Athens "Kleines Liquiditätsproblem"
23. März 2015Die letzte Tranche der Rückzahlungen an den IWF am 20. März konnte Griechenland gerade noch aufbringen, dies verbreiteten EU-Beamte am Rande des Gipfeltreffens. Aber ob die Regierung in dieser Woche noch das Geld hat, um die am Monatsende fälligen rund 1,5 Milliarden Euro für Gehälter im öffentlichen Dienst und Pensionen aufzubringen, schien an diesem Datum bereits zweifelhaft.
Ein jetzt öffentlich gewordener Brief von Griechenlands Premier Alexis Tsipras an Angela Merkel vom 15. März zeigt nun, dass seine Regierung sich der drohenden Katastrophe bereits Mitte des Monats bewusst war. In dem Schreiben warnte der griechische Regierungschef, dass er wohl zwischen Rückzahlung der Schulden an den Währungsfonds und Zahlung von Gehältern oder Sozialausgaben in etwa gleicher Höhe werde wählen müssen.
Tsipras macht vor allem die EZB für die schwierige Lage verantwortlich: "Es muss klar sein, dass die besonderen Einschränkungen verbunden mit Verzögerungen bei der Auszahlung (aus dem EU-Hilfsprogramm) es für jede Regierung unmöglich machen würden, ihre Schulden zu bedienen", zitiert die griechische Zeitung "Ekathimerini". Damit bezieht sich Tsipras auf die Weigerung der Europäischen Zentralbank, dem Land ein höheres Limit für kurzfristige Staatsanleihen zu erlauben.
Abgeschnitten vom Finanzmarkt
Athen kann sich nur noch über solche sogenannten T-Bills für private Gläubiger refinanzieren. Für die Emission der kurzfristigen Staatsanleihen braucht die Regierung aber die Zustimmung der EZB. "Davon ausgehend, dass Griechenland keinen Zugang zum Finanzmarkt hat und angesichts der Höchststände bei unseren Zahlungsdaten im Frühjahr und Sommer", so Tsipras, würde die Rückzahlung der Schulden zu einem weiteren Absturz der sowieso angespannten sozialen Lage im Land bringen, die er nicht zulassen werde.
Tsipras forderte Merkel in dem Brief vor dem jetzigen Treffen auf, "doch nicht ein kleines Liquiditätsproblem" zu einem großen Problem für Griechenland und Europa werden zu lassen. Was Tsipras da locker ein "kleines Liquiditätsproblem" nennt, ist für Griechenland in Wirklichkeit eine Art Horrorszenario: Der Staat hat pro Monat fixe Ausgaben von rund 3,5 Milliarden zu bestreiten, bestehend aus Gehältern und Pensionen, Sozialleistungen und einem kleineren Anteil von sonstigen Ausgaben.

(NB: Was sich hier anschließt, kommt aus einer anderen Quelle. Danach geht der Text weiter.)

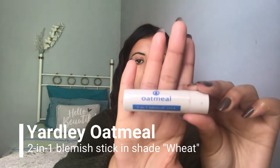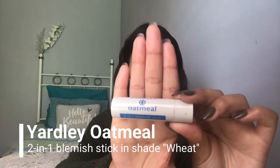This next part wasn't part of the question, but I'm going to be using this oatmeal two-in-one blemish stick. I basically use this every day — it covers up really well and it's supposed to treat blemishes as well. I haven't been using it that long, just over a week, so I'll be doing a proper review of this if I see results.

Bisher hat Athen sich damit beholfen, indem es Letztere aufgeschoben hat: Fällige Rechnungen für Mieten, Anschaffungen und Ähnliches werden derzeit einfach nicht bezahlt. Allein an den IWF werden im April knapp eine halbe Milliarde Euro und im Mai knapp eine Miliarde Euro an Schuldenzahlungen fällig. Die sogenannten T-Bills summieren sich im April auf 3,8 Milliarden Euro.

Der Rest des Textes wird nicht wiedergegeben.